Since a different interpretation of the OECD commentary can lead to situations of double taxation and double non-taxation, I consider it desirable to align with the above-mentioned explanation.
Dutch Translation:
Ontslagvergoedingen, herziene uitleg – in internationale situaties
lookback periode: totale diensttijd ipv 12 maanden voor ontslag (12 maanden alleen bij bijzondere omstandigheden)
Sinds 15 juli 2014 is in het OESO-commentaar een richtlijn opgenomen over de fiscale behandeling van ontslagvergoedingen. In paragraaf 2.7 van het OESO-commentaar bij artikel 15 van het OESO-modelverdrag wordt opgemerkt dat toerekening van een ontslagvergoeding in algemene zin (volgens arbeidscontract of wetgeving) kan plaatsvinden op basis van de laatste twaalf maanden van uitoefening van de dienstbetrekking. In het besluit van 23 april 2015 is deze richtlijn, in het verlengde van jurisprudentie van de Hoge Raad1, als hoofdregel opgenomen.
Inmiddels is gebleken dat verschillende verdragspartners de twaalfmaandenrichtlijn niet als hoofdregel toepassen en een andere uitleg geven aan het OESO-commentaar dan Nederland.

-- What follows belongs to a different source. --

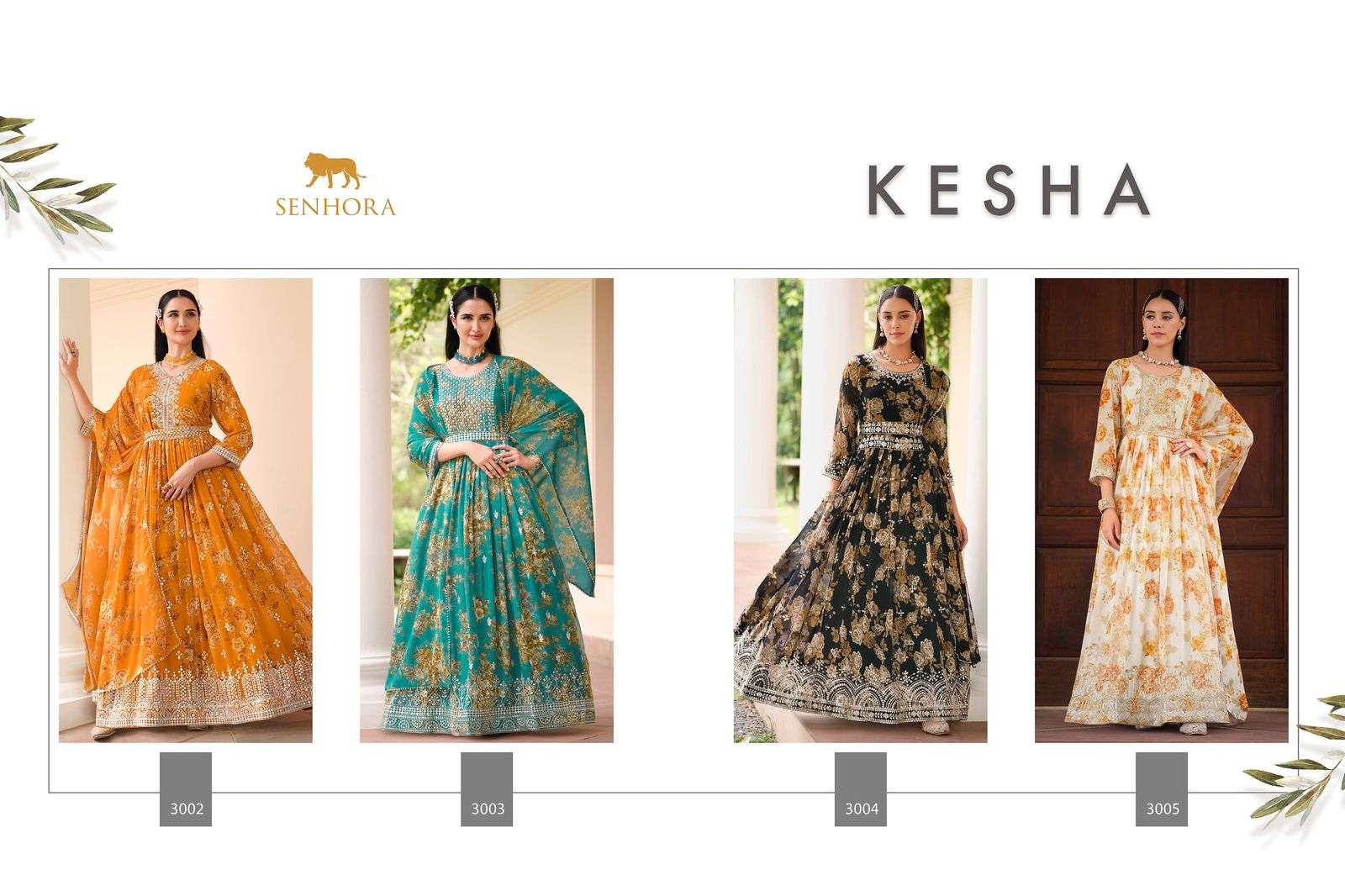 senhora kesha 3002-3005 series designer fancy floor length wedding gown wholesaler surat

In deze uitleg kan ervan worden uitgegaan dat de ontslaguitkering moet worden toegerekend overeenkomstig de diensttijd waarop de hoogte van de ontslagvergoeding is gebaseerd. Doorgaans is dit de volledige diensttijd bij de werkgever die de ontslaguitkering betaalt. Als bijvoorbeeld door tijdsverloop het verloop van de dienstbetrekkingen niet (volledig) kan worden achterhaald en de juiste toerekening ook niet op een andere wijze in redelijkheid kan worden benaderd, wordt teruggevallen op de laatste twaalf maanden van de dienstbetrekking bij de betreffende werkgever.
Omdat een verschillende uitleg van het OESO-commentaar kan leiden tot situaties van dubbele belastingheffing en dubbele niet-heffing, acht ik het wenselijk aan te sluiten bij de hiervoor genoemde uitleg.